__What this task involves__: The answer must consist of every line in the data below that holds the word "Signature".

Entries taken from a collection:
□ □ □ □

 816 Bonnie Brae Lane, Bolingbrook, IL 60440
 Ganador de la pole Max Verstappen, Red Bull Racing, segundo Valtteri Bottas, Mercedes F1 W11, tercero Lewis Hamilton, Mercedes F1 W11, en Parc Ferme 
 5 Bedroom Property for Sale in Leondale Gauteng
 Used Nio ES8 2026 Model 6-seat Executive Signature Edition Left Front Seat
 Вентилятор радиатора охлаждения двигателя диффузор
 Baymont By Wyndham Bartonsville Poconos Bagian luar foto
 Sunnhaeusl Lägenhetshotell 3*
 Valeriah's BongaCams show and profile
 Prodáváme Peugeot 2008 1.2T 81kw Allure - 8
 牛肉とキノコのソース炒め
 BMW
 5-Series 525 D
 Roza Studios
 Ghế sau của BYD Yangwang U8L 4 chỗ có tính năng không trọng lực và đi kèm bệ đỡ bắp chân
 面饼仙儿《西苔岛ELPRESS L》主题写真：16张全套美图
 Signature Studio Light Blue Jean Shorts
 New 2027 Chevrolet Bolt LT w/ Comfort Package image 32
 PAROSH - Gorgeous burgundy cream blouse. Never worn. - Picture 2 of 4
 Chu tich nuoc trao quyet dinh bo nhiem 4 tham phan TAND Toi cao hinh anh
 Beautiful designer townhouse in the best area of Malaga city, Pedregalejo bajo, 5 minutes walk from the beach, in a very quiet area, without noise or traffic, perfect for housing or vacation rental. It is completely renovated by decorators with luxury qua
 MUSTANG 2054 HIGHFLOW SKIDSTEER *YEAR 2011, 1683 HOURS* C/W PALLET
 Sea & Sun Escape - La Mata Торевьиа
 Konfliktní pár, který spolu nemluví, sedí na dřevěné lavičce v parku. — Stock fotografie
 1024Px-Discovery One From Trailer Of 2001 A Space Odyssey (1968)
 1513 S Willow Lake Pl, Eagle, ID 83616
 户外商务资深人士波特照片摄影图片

□ □ □ □

__Task solution__:
 Used Nio ES8 2026 Model 6-seat Executive Signature Edition Left Front Seat
 Signature Studio Light Blue Jean Shorts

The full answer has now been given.